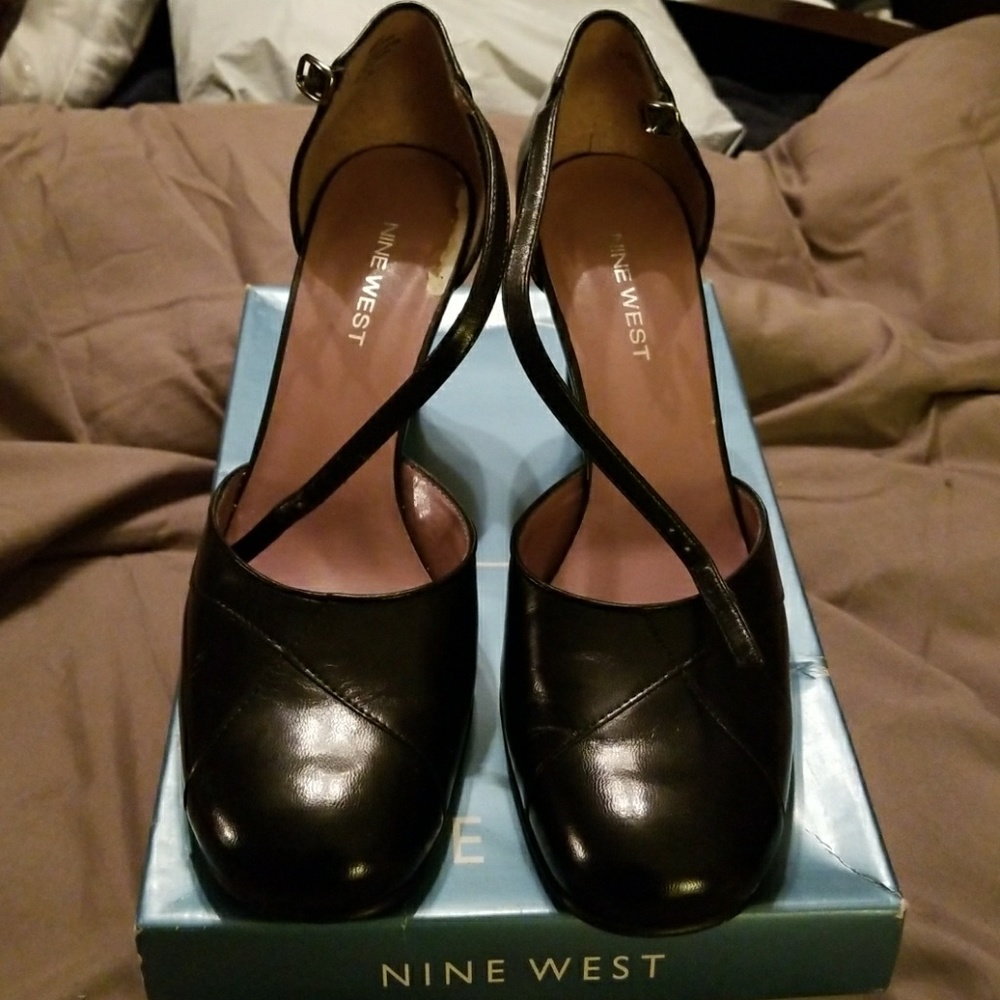 Nine West Black pumps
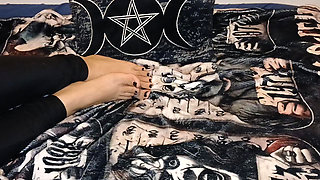 Goth girl feet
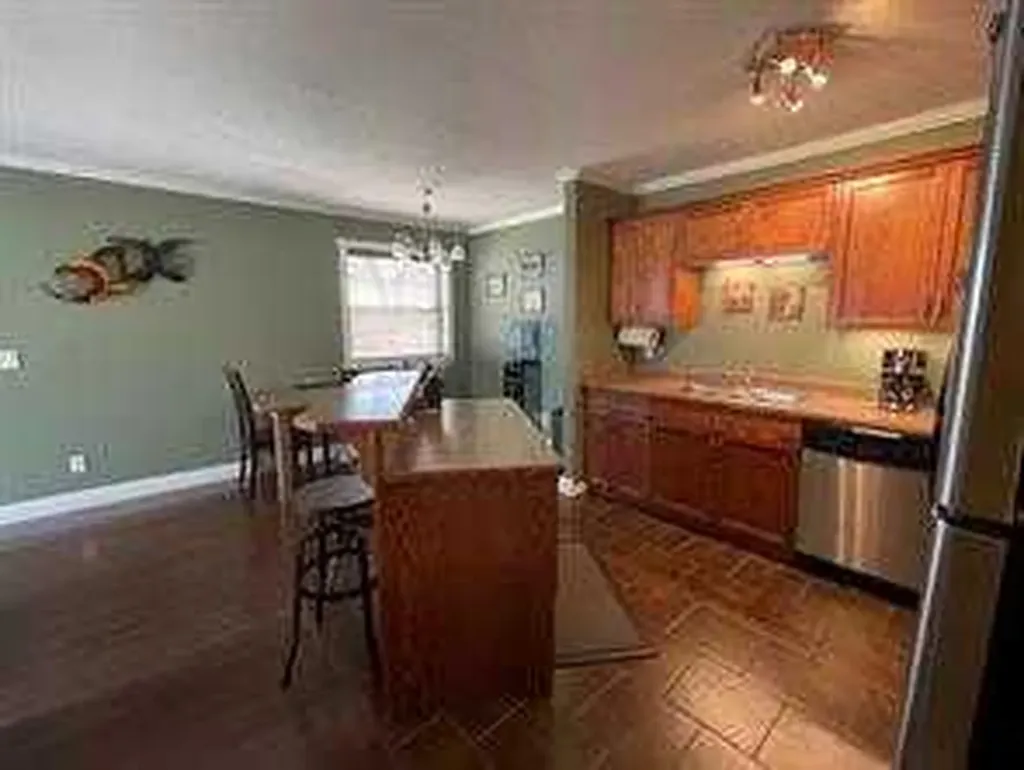 3 501 Street Fox Creek AB T0H 1P0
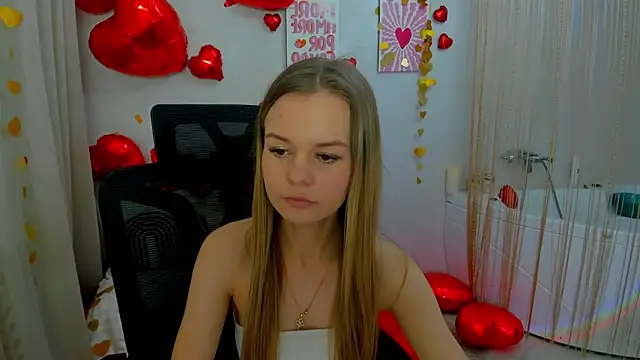 Snapshot of MidnighteAura chatting on February 3, 2:53 am MidnighteAura online show from February 3, 2:53 am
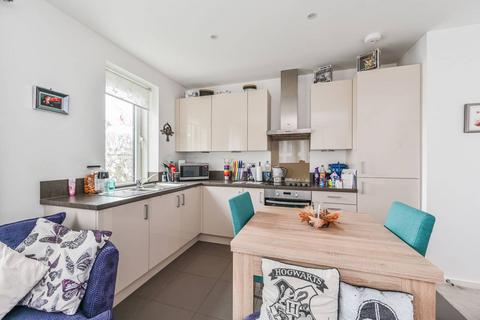 1 bedroom flat to rent, Juniper Drive, Battersea, London, SW18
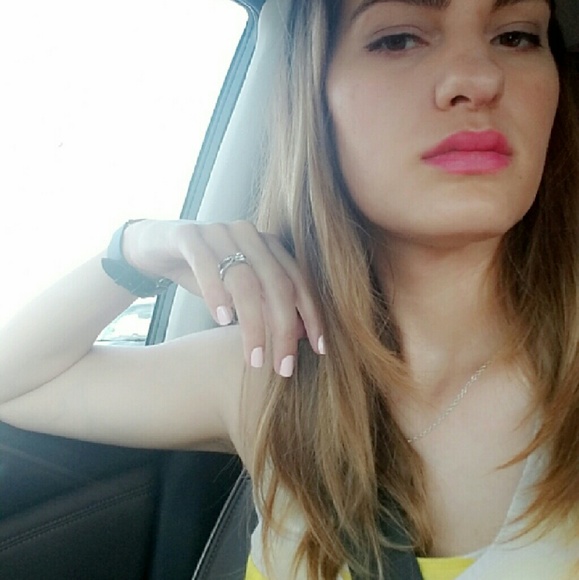 Meet your Posher - Picture 4 of 4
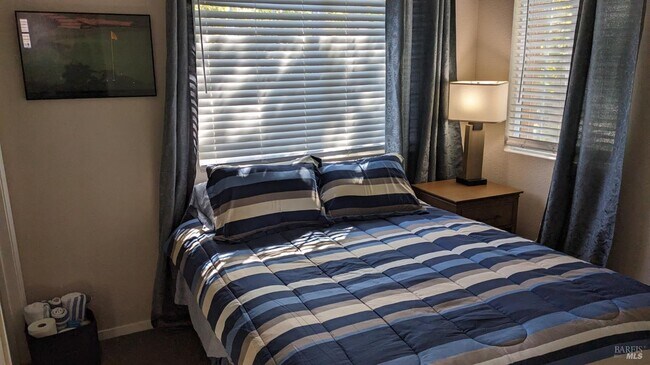 Building Photo - 702 Daniels Ave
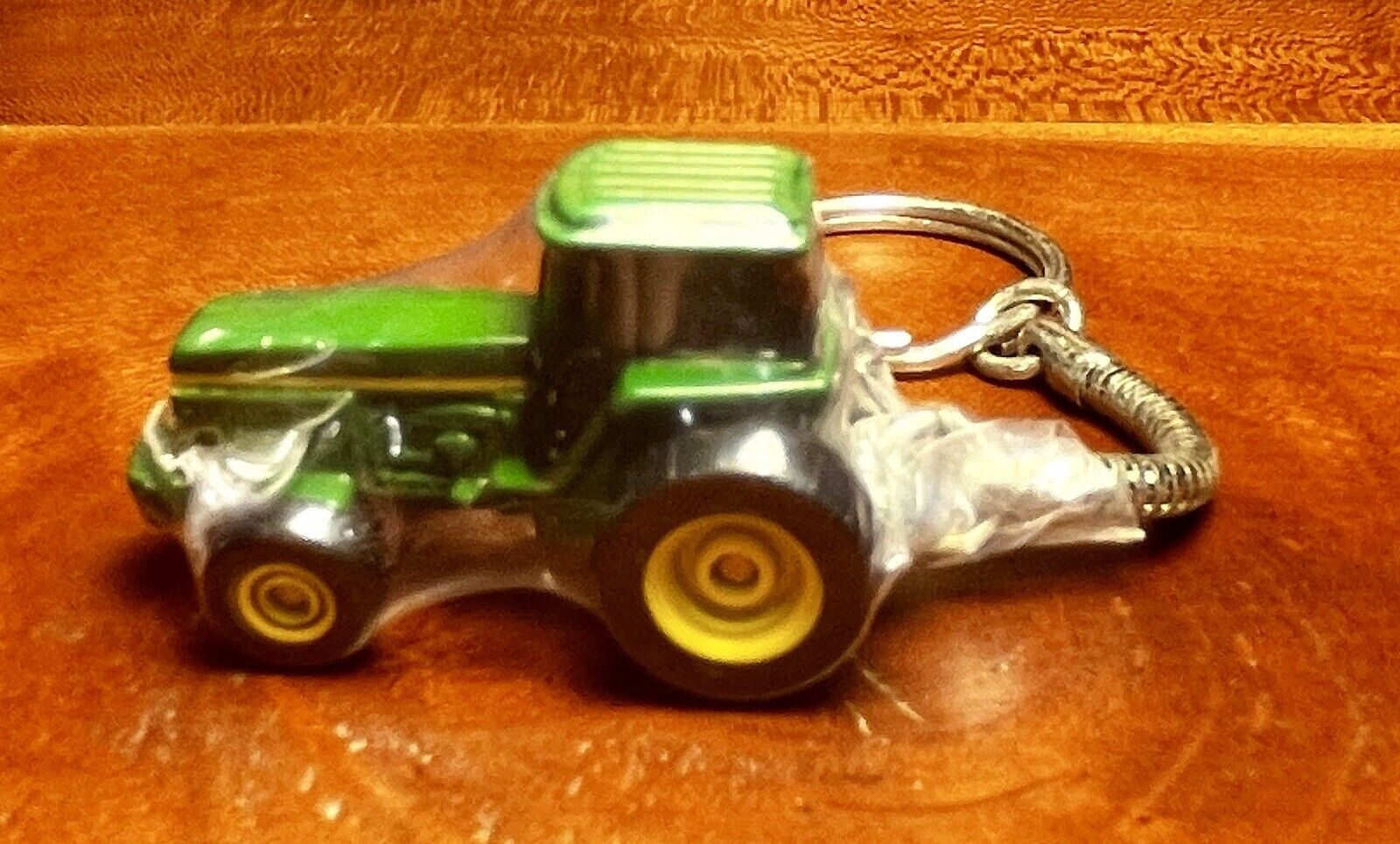 ERTL Die Cast Green John Deere Tractor Key Ring Still In Plastic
------------------------------------------------
GOAL OF THE EXERCISE: After locating the line containing "Building Photo - 702 Daniels Ave" in the entries above, repeat only it and each later line through the end, exactly, without any pictures.

SOLUTION TO THIS TASK:
 Building Photo - 702 Daniels Ave
 ERTL Die Cast Green John Deere Tractor Key Ring Still In Plastic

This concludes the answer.